A política externa do Governo nos últimos anos

A inesperada demissão do titular da pasta dos Negó­cios Estrangeiros — tanto mais inesperada quanto é certo ter-se produzido num momento agitado da campanha elei­toral, em que parecia imperioso mostrar, por parte do Governo, uma perfeita coesão e um perfeito sentido de rumo, ao menos na fachada — permite-me abordar com mais liberdade o problema da política externa portu­guesa dos últimos anos.
Não se trata já agora de discutir com o Ministro nem de censurar a sua acção e a sua incapacidade. Como ambos somos candidatos a deputados — um, evidente­mente privilegiado, porque se socorre do apoio salvador da União Nacional, outro, em nome de uma oposição real­mente gigantesca e indomável mas submetida a todos os condicionalismos que a lei eleitoral possa mais ou menos habilmente fabricar e impor — podemos discutir e apre­ciar com clareza as linhas gerais dessa política, de que sempre aquele antigo ministro se tomou intérprete e que sempre tão enfatuadamente proclamou nas suas pitorescas conferências de imprensa.

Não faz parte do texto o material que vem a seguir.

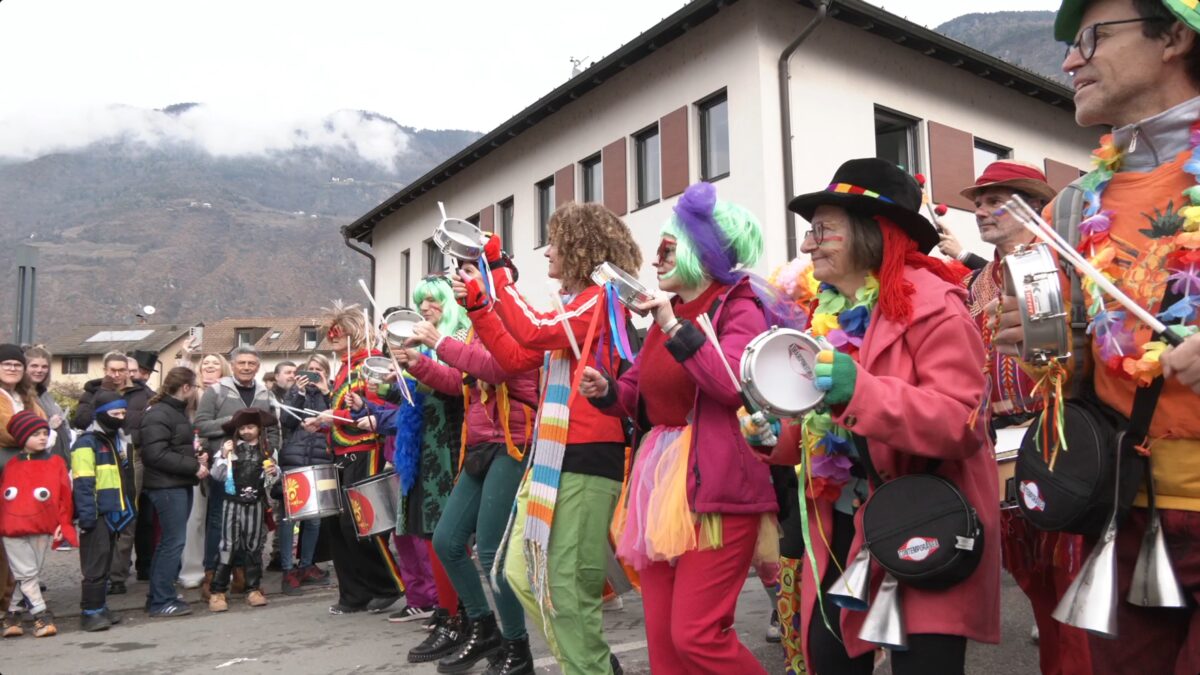 In migliaia a Terlano per festeggiare il Giovedì Grasso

Desde que eclodiu a vaga terrorista em Angola, a polí­tica externa portuguesa jamais esteve à altura das cir­cunstâncias e dos acontecimentos. Não deu um único passo em frente para esclarecer nem o país nem a. opinião inter­nacional.

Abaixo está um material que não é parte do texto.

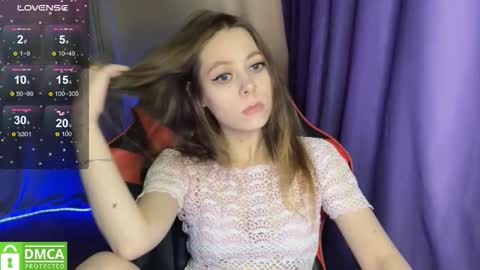 Snapshot of natural_babe666 chatting on October 15, 7:41 am natural_babe666 online show from October 15, 7:41 am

Apelamos debalde em todos os tons para a interven­ção da O. N. U.; fizemos discursos melodramáticos no seu seio, agitando sistematicamente o perigo da expansão comunista para impressionar os Estados Unidos, a Ingla­terra, todos os Membros do Pacto do Atlântico a que ade­rimos à sobreposse, sabendo de antemão quanto era fictícia e eventual, apesar de nos custar largas somas de dinheiro e concessões lesivas da nossa soberania; convi­damos insistentemente o Secretário Geral da O. N. U. a visitar com todas as honras os nossos territórios ultra­marinos e ele sempre se recusou, não polidamente mas até em geral com aspereza; formulamos inúmeras exposições em que declarávamos estar a servir em África com o mais nobre desinteresse idealista, a causa da civilização ocidental; dispendemos porventura milhares de contos, durante alguns anos, em proporcionar digressões princi­pescas ao Ultramar a diplomatas, a escritores, a estadis­tas, a militares, a todo um mundo de ilustres individuali­dades com a esperança—ingénua esperança—de que, no seu regresso, elas nos prestariam a devida justiça em depoimentos pessoalmente confirmados; até que por fim desistimos em face dos magros resultados obtidos; ata­cámos abertamente a O, N. U. e muitas vezes nas suas votações quando se tratava do nosso caso, com surpresa e mágoa, verificámos que ficávamos em pleno isolamento e mais: que os nossos amigos e aliados ou votavam contra nós ou, o que em diplomacia significa a mesma coisa, cor­tês e piedosamente se abstinham, como há poucas sema­nas sucedeu quando, ao negarmos a nossa incursão na Zâmbia, a vizinha e aliada peninsular Espanha cautelosa­mente se absteve.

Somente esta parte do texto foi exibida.